The President of the Board of Trade was repeatedly interrupted by hecklers, who hissed and shouted as he defended the Government's decision to proceed with the ratification of the treaty, and emphasised his concern that the City should not lose influence in Europe after the withdrawal of sterling from the exchange rate mechanism.

'How on earth could the Conservative Party - of all parties - risk the future of the City of London? Our invisible earnings are a priceless asset. If you want to hand that over to the Germans and the French, all you have to do is to see us marginalised on the periphery of Europe.

'I tell you as clearly as I can tell you, no Conservative government would do it. No Conservative politician in office could advocate it and that is why John Major went to Maastricht. He went to fight for our essential interests.'

The hecklers shouted: 'He lost.' Having remained muted during the defence of the policy by Douglas Hurd, the Foreign Secretary, they shouted 'sell-out' at Mr Heseltine and hissed at the mention of Maastricht.

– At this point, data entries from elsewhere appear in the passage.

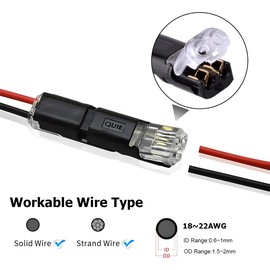 CGEAMDY 10 Pieces Quick Dual Wire Terminal Block, Double Wire Plug in Connector for Electrical, Push Fit Double-Wire Push-In Connector with Locking Buckle, Pluggable LED Wire Connectors For Car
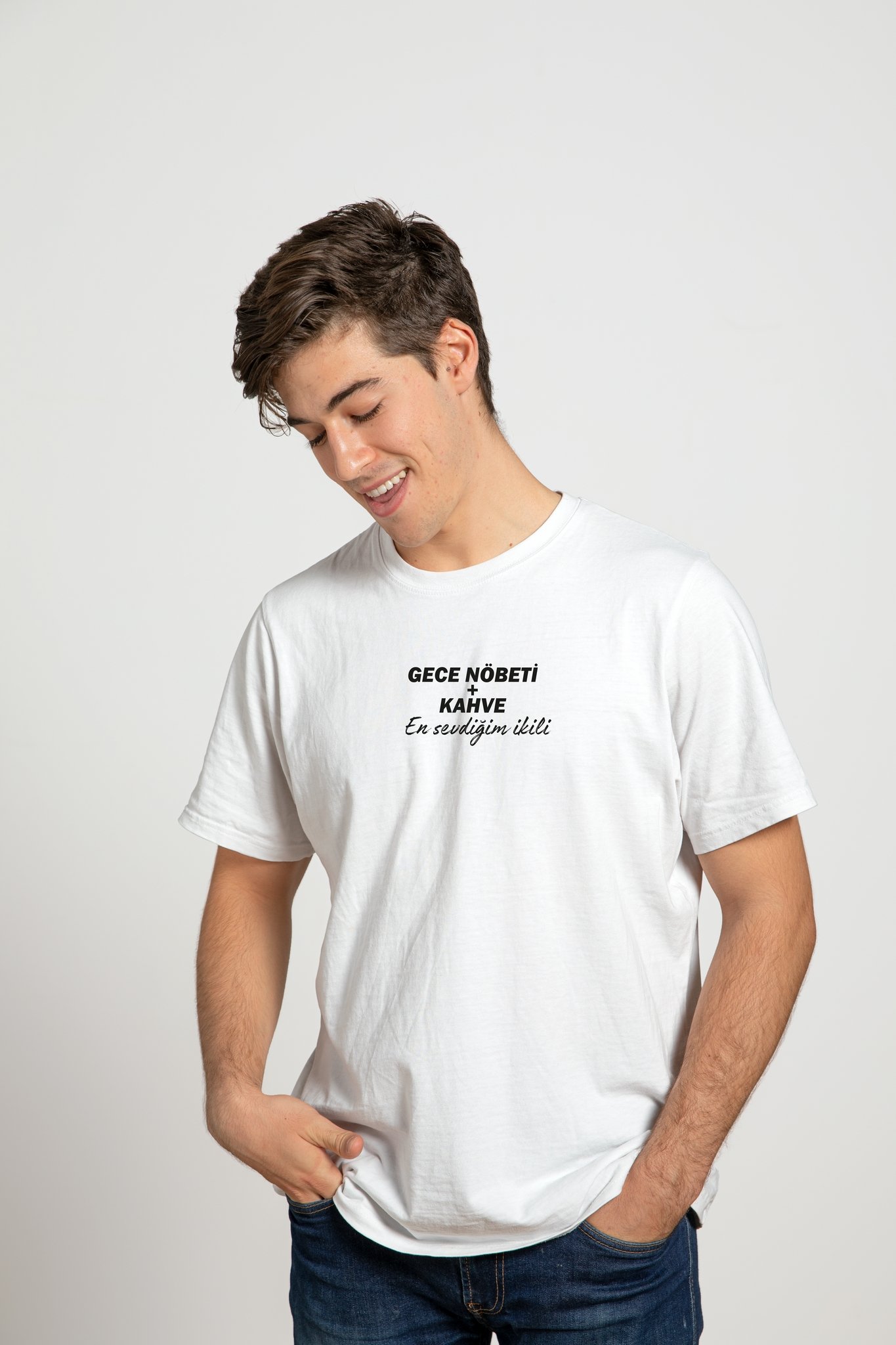 Gece Nöbeti + Kahve En Sevdiğim İkili | Deluxe T-Shirt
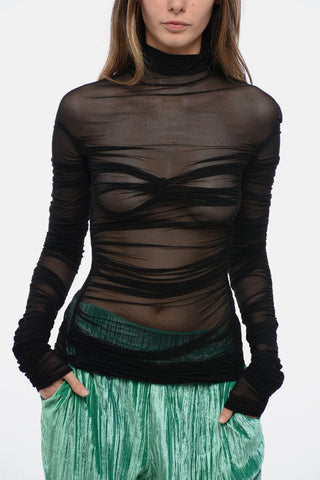 Top in Mesh con Dettaglio Drappeggiato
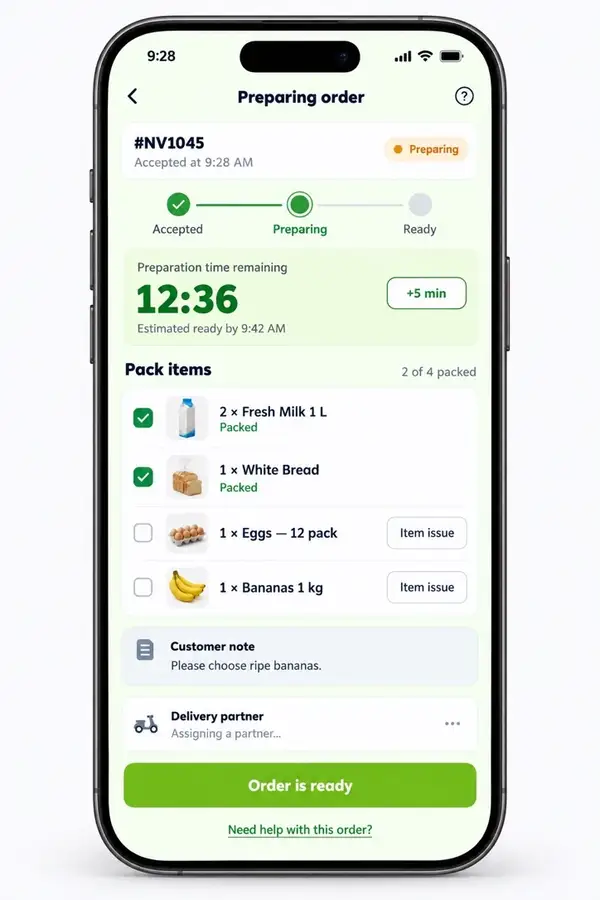 Navora store app design showing preparing an order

In some of the stormiest scenes ever faced by Mr Heseltine at his own party's conference, he went on: 'I know of no British leader who negotiated a treaty more directly tailored to British self-interest than he did there. The whole history of the European Community has been to advance by centralisation in Brussels.'

One heckler shouted: 'He shouldn't' Mr Heseltine retorted: 'So what the heck are you complaining about when John Major has reversed the process?'

As the majority of the audience rose to its feet, cheering Mr Heseltine, he said: 'I hope the national press will report the overwhelming acclaim for national self-interest and stop parading divisions in this party.'

Pointing at his audience, he added: 'Don't put the cameras on me. Photograph them.'

Returning to his speech, Mr Heseltine told the heckler: 'One against so many. You have just lost . . . There is the articulate voice of the Tory party. I cannot understand a word it says. If I could, it would not be worth listening to.'

He said the press had said that the Tory party had gone to the Brighton conference to 'lick our wounds and bandage our limbs. I say they don't know the Tory party. We've come here this week as the party of government. We've come because we won, not because we lost.'

Mr Heseltine, once the 'darling' of Conservative Party conferences, is blamed by the Thatcherites, who are against the Maastricht treaty, for bringing down Baroness Thatcher. He is also seen as a leading voice in the Cabinet against allowing the pound to float freely indefinitely outside the ERM, which the Thatcherites are demanding.

But, behind Mr Heseltine's speech lay widespread Tory grassroots concern about the recession. Many of the 61 resolutions for the trade and industry debate called for action to stem the tide of bankruptcies among small businesses and to revive manufacturing industry. Peter Fleet of Southampton called for further cuts in interest rates and a commitment not to put up taxation.

Mr Heseltine assured the conference that, like the French and the Germans, he would intervene if necessary to help companies, but did not say how. He said that one-stop shops would be launched in 15 towns this autumn where firms could get advice.

He announced that he was inviting British companies to second 100 men and women to the Department of Trade and Industry to help in a new export drive.